D’autres seraient tout particulièrement concernés, dont les exportateurs français de vins et de spiritueux. En 2019, une bouteille exportée sur huit a pour destination le Royaume-Uni, deuxième plus gros client en valeur du secteur. Plus généralement, les 30 000 entreprises françaises qui exportent au Royaume-Uni – et a fortiori les 3 000 qui s’y sont installées – risquent de subir de lourdes pertes en cas de no deal.
L’agriculture et l’alimentaire
Le Royaume-Uni est, plus généralement, le troisième client du secteur agricole français. Ce dernier a dégagé, en 2018 et 2019, un excédent d’environ 3 milliards d’euros en moyenne vis-à-vis du pays. Un montant cependant en baisse depuis 2016, date à laquelle les Britanniques ont voté “oui” à un retrait de l’Union européenne. Sur les seuls produits laitiers, les droits de douane pourraient atteindre 41 % ! Impliquant donc une baisse potentiellement importante des échanges agricoles entre la France et le Royaume-Uni.

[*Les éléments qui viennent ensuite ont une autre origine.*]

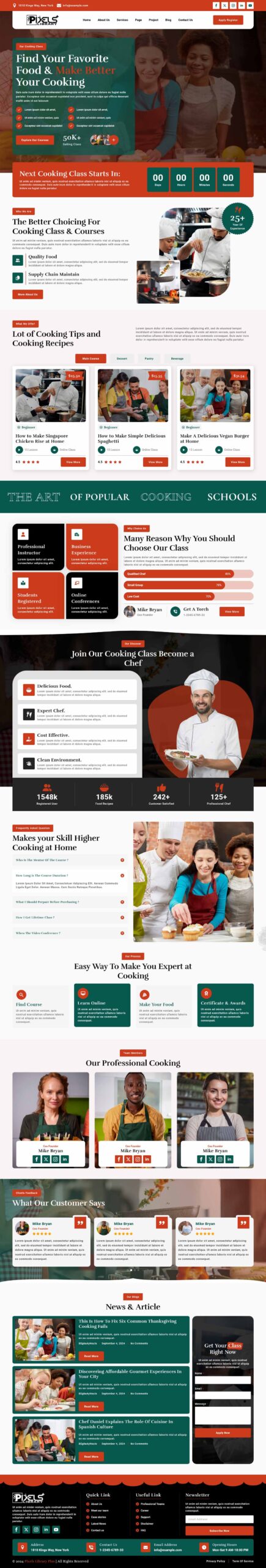 Breakdance Cooking School Template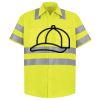 Men's High Visibility Safety Short Sleeve Work Shirt Thumbnail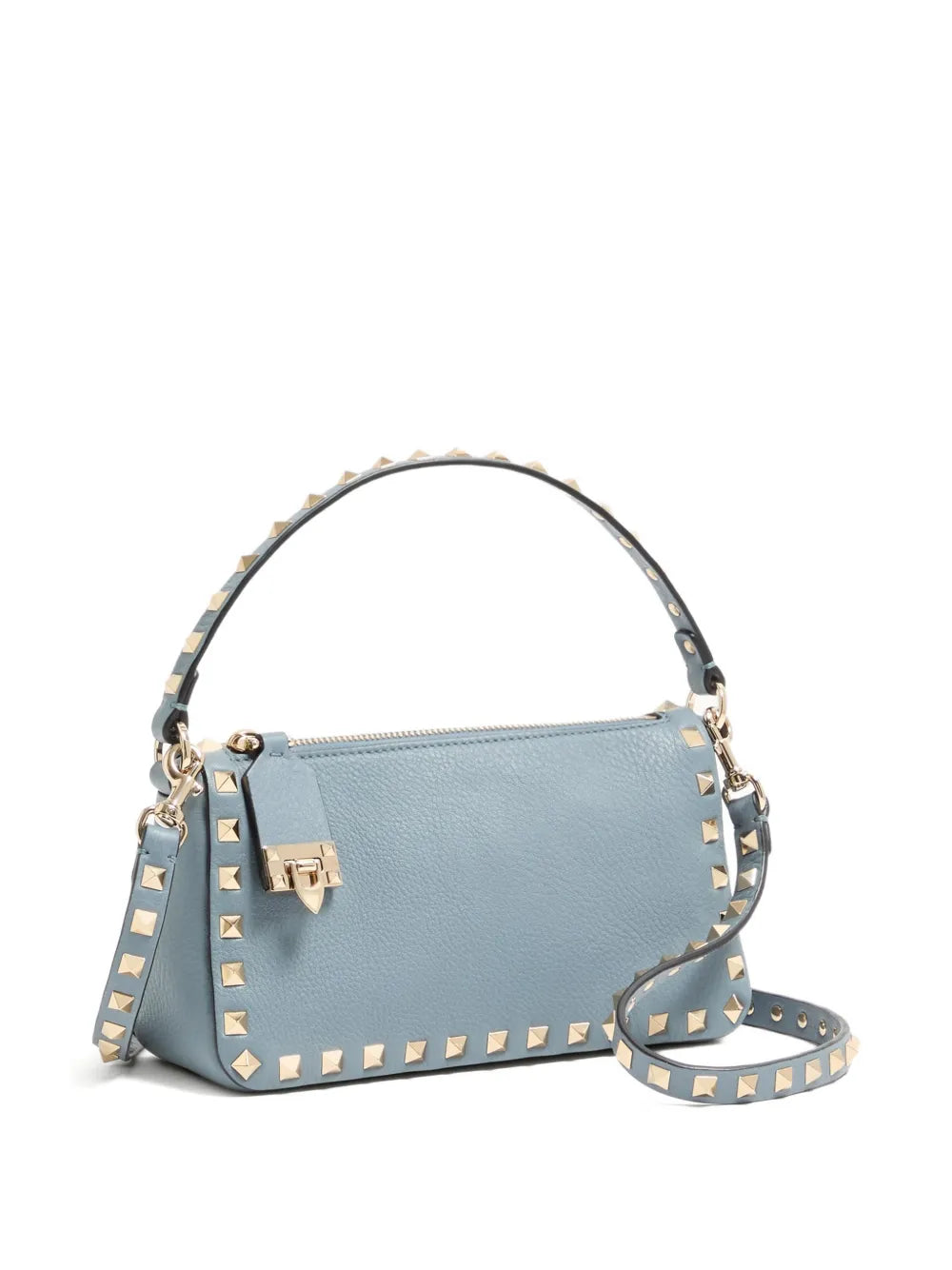 Valentino Garavani Small Rockstud Grained Shoulder Bag — Same as shown — Size One Size — Back View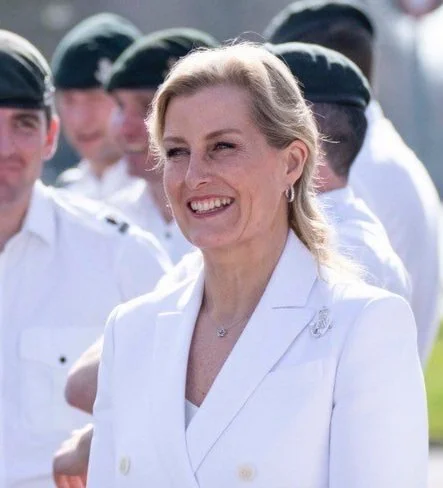 The Countess Wessex visits the 5th Rifles Battalion Headquarters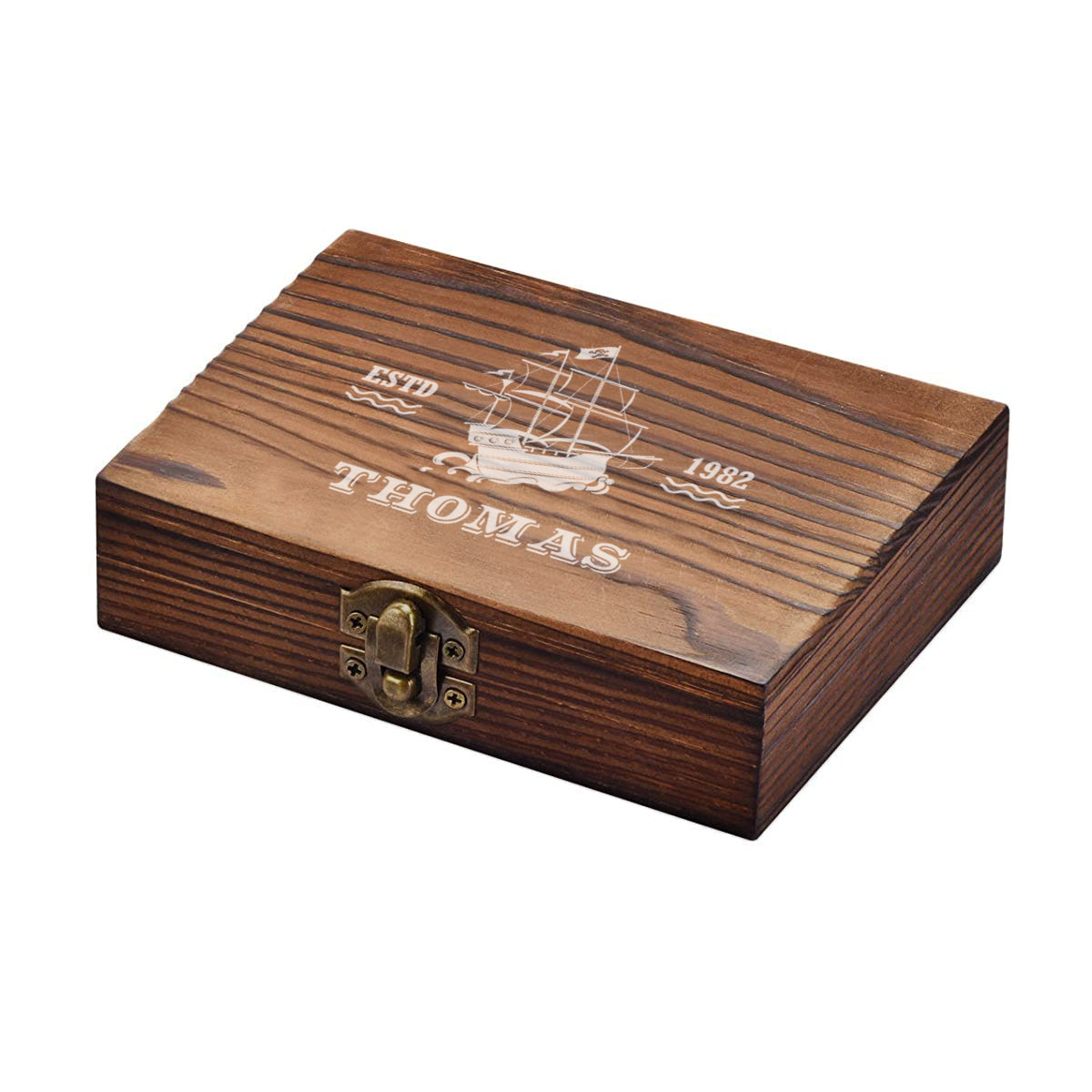 Whisky Kühlsteine Set 5-teilig mit Holzkiste und Whiskyglas graviert - ideal als Geschenk
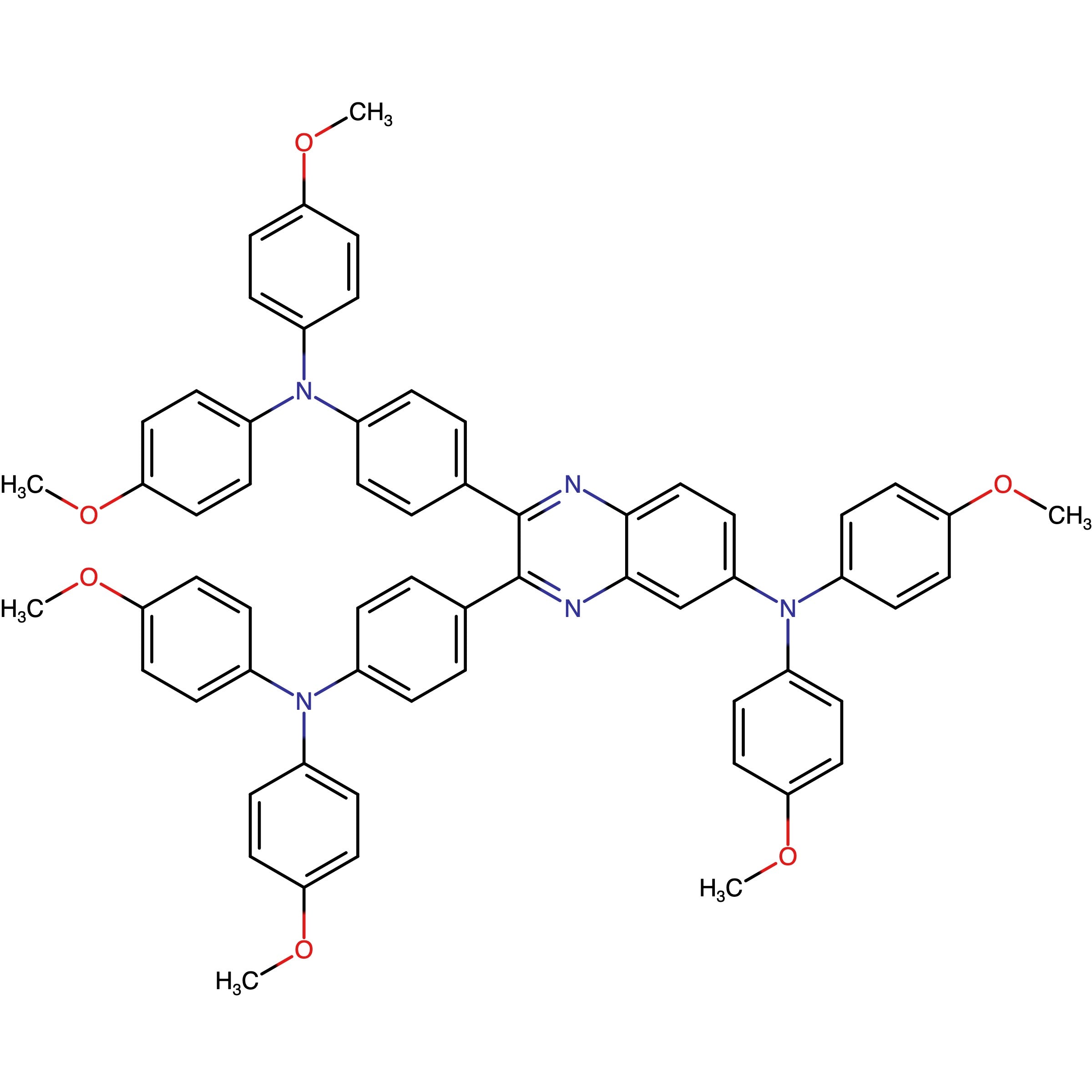 CAS 2311925-74-1 | 4,4'-(6-(Bis(4-methoxyphenyl)amino)quinoxaline-2,3-diyl)bis(N,N-bis(4-methoxyphenyl)aniline)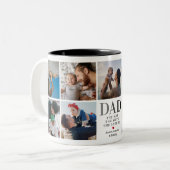 パパ男の神話の伝説の写真2トーンCof ツートーンマグカップ (正面左)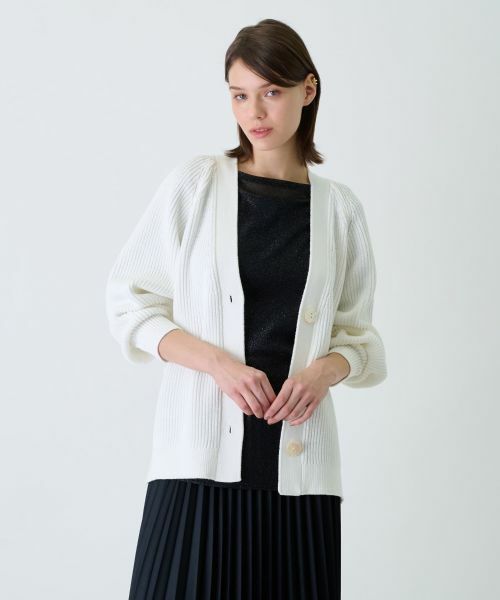 Leilian / レリアン カーディガン・ボレロ | Vネックニットカーディガン | 詳細3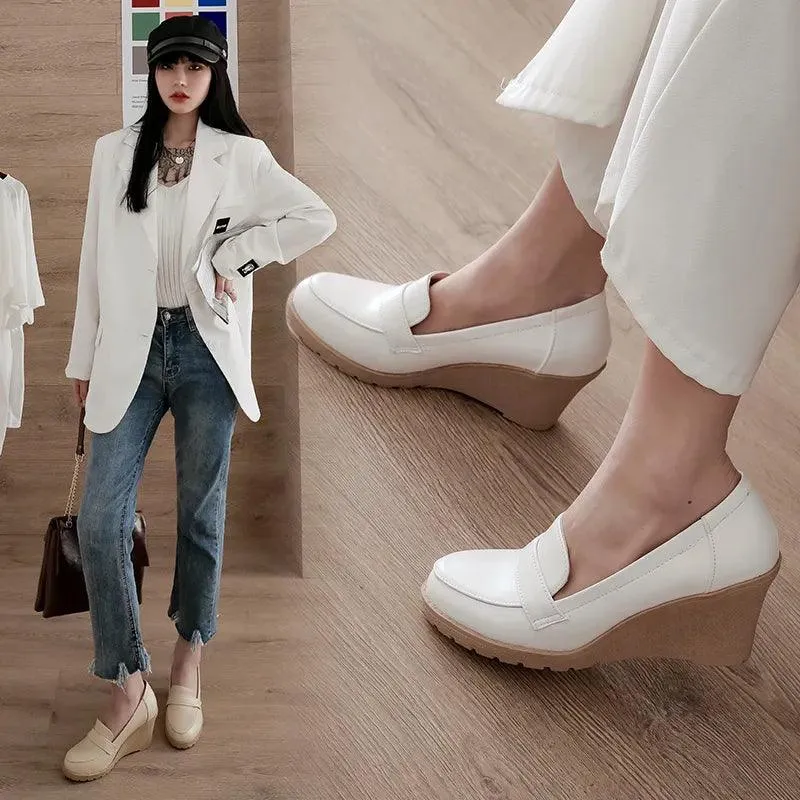 Chaussures Orthopédiques en cuir PU pour femmes Potty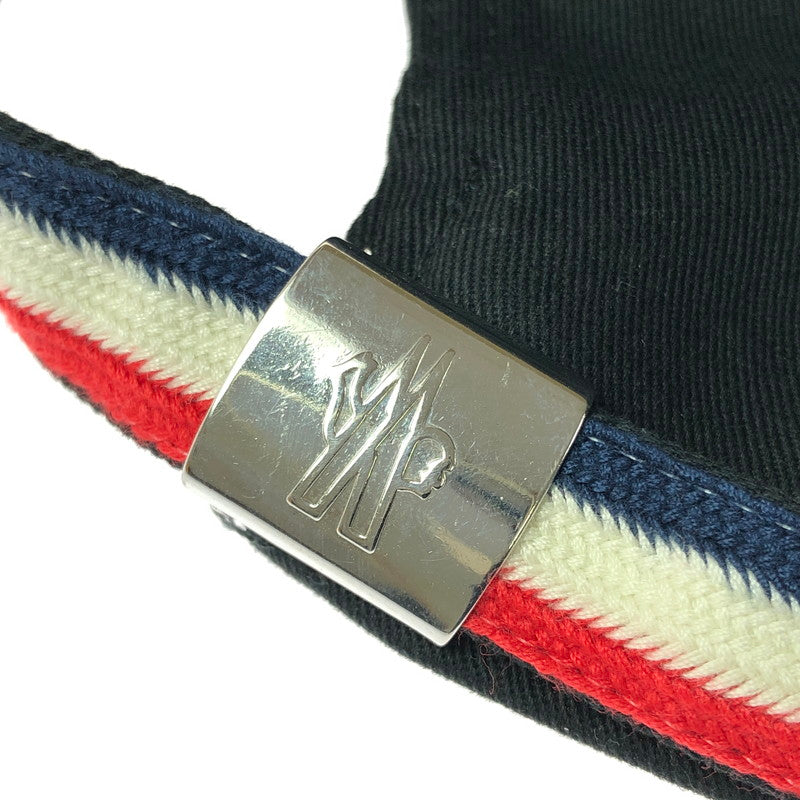 【中古品】【メンズ】 MONCLER モンクレール BERRETTO BASEBALL CAP I10913B00034 ベレット ベースボール キャップ 帽子 185-260401-na-17-tag サイズ：UNI カラー：ブラック 万代Net店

Le Brexit impacte également plusieurs lignes budgétaires du cadre financier pluriannuel, notamment la Politique agricole commune, dont l’Hexagone est le premier bénéficiaire. L’accord conclu le 21 juillet 2020 au Conseil européen prévoit que son budget passe de 388 milliards à 336 milliards pour la période 2021-2027.
La pêche
Pêcheurs en Bretagne – Crédits : photoneye / iStock
Autre secteur très inquiet d’un no deal : celui des marins-pêcheurs français. En cas de retrait brutal le 31 décembre, le Royaume-Uni sortirait immédiatement de la Politique commune de la Pêche (PCP). Et pourrait alors bloquer l’accès à ses eaux, les plus poissonneuses d’Europe. Celles-ci seraient dès lors uniquement régies par son droit, pour tous les pêcheurs européens. Or ceux-ci y effectuent 30 % de leurs captures, voire 60 % à 90 % pour certains poissons.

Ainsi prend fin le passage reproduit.